Material for the task ▸
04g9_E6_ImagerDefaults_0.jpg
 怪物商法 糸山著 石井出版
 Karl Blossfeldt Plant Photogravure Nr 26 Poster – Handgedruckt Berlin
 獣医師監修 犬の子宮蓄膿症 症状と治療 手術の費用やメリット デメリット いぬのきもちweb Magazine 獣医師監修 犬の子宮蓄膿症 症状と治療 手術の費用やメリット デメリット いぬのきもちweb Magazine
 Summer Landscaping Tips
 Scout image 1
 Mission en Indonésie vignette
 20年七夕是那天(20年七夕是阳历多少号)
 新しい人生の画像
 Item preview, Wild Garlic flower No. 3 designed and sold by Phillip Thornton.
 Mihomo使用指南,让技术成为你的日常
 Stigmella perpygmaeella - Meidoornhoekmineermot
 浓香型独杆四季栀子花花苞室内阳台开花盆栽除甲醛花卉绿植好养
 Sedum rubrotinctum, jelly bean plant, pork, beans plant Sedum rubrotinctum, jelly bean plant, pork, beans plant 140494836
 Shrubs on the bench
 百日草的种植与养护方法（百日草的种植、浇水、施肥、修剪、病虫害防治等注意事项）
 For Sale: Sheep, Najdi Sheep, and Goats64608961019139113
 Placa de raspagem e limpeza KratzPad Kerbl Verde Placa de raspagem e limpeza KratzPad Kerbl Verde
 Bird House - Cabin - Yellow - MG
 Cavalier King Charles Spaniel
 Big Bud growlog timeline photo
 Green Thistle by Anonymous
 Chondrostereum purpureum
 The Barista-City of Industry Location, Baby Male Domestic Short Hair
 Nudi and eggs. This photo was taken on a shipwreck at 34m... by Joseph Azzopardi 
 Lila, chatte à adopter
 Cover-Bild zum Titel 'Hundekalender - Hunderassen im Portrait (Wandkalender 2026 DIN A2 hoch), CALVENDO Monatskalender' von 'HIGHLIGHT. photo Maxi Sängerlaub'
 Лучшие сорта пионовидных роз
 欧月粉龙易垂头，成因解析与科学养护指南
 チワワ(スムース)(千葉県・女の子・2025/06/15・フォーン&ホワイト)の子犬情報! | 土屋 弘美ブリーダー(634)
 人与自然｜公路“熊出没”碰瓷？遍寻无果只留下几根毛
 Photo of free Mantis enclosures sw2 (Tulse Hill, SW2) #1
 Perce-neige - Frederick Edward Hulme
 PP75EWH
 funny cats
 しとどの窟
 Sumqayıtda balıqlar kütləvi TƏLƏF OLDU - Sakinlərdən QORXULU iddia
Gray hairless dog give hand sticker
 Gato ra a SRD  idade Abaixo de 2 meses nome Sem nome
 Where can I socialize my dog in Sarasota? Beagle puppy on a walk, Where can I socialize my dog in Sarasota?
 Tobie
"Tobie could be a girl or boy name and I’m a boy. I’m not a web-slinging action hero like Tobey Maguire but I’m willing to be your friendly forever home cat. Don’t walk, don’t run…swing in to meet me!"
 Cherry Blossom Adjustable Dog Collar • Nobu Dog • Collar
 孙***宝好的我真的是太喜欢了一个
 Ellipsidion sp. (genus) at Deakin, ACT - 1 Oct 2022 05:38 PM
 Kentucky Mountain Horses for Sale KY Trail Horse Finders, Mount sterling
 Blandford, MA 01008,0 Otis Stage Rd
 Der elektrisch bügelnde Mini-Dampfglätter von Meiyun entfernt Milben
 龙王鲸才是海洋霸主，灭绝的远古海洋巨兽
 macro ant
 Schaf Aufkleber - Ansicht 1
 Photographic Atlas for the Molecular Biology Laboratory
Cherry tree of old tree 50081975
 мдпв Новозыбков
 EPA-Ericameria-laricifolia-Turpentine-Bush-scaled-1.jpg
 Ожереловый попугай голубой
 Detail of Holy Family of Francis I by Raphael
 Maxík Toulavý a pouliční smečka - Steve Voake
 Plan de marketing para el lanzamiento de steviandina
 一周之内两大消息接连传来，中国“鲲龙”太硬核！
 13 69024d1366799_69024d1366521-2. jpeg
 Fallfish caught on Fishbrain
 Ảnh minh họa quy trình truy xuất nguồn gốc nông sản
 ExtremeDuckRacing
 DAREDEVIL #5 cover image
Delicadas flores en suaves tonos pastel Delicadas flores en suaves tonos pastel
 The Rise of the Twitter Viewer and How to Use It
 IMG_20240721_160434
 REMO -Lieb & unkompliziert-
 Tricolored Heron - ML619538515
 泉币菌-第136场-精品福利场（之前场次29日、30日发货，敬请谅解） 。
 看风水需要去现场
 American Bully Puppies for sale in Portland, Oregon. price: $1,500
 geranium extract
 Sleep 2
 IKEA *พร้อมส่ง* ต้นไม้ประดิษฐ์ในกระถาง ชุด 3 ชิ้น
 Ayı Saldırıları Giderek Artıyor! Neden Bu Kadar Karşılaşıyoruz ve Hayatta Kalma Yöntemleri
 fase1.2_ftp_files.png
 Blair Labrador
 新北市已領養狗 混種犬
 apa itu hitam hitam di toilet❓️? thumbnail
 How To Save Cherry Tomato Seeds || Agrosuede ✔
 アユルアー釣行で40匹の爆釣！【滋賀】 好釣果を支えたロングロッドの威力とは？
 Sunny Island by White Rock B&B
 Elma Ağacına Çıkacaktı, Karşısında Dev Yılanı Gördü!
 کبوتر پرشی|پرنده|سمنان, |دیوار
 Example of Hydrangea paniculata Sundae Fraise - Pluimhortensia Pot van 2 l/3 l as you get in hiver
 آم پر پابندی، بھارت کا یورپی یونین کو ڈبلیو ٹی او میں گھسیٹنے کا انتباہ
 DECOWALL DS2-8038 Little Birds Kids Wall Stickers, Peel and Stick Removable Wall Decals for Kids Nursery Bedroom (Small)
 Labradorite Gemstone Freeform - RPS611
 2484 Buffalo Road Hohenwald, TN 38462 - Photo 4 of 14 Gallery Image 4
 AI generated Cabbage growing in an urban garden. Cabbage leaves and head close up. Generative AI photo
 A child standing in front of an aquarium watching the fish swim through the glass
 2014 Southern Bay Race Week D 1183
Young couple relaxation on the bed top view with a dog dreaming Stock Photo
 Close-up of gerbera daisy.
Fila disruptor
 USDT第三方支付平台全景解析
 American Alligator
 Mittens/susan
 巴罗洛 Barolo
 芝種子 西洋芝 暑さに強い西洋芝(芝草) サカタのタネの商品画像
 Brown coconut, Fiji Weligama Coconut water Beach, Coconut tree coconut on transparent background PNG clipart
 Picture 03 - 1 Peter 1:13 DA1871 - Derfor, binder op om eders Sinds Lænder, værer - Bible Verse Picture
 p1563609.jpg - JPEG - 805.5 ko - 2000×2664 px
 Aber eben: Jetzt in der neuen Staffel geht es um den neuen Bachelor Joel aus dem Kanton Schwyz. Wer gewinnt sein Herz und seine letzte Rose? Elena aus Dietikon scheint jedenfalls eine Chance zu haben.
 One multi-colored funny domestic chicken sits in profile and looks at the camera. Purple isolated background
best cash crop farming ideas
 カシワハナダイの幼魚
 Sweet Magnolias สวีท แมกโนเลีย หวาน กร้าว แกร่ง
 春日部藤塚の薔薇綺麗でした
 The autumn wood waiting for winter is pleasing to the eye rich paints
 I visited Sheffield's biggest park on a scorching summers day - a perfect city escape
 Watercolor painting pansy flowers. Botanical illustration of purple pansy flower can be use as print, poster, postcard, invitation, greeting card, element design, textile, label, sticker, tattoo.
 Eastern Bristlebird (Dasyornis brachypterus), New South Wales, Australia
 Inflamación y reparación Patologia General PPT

What you are asked to do ▸ Exactly as they stand in the records above, print the lines from the one containing "p1563609.jpg - JPEG" through the final line, inclusive.

Solution to the exercise ▸
 p1563609.jpg - JPEG - 805.5 ko - 2000×2664 px
 Aber eben: Jetzt in der neuen Staffel geht es um den neuen Bachelor Joel aus dem Kanton Schwyz. Wer gewinnt sein Herz und seine letzte Rose? Elena aus Dietikon scheint jedenfalls eine Chance zu haben.
 One multi-colored funny domestic chicken sits in profile and looks at the camera. Purple isolated background
best cash crop farming ideas
 カシワハナダイの幼魚
 Sweet Magnolias สวีท แมกโนเลีย หวาน กร้าว แกร่ง
 春日部藤塚の薔薇綺麗でした
 The autumn wood waiting for winter is pleasing to the eye rich paints
 I visited Sheffield's biggest park on a scorching summers day - a perfect city escape
 Watercolor painting pansy flowers. Botanical illustration of purple pansy flower can be use as print, poster, postcard, invitation, greeting card, element design, textile, label, sticker, tattoo.
 Eastern Bristlebird (Dasyornis brachypterus), New South Wales, Australia
 Inflamación y reparación Patologia General PPT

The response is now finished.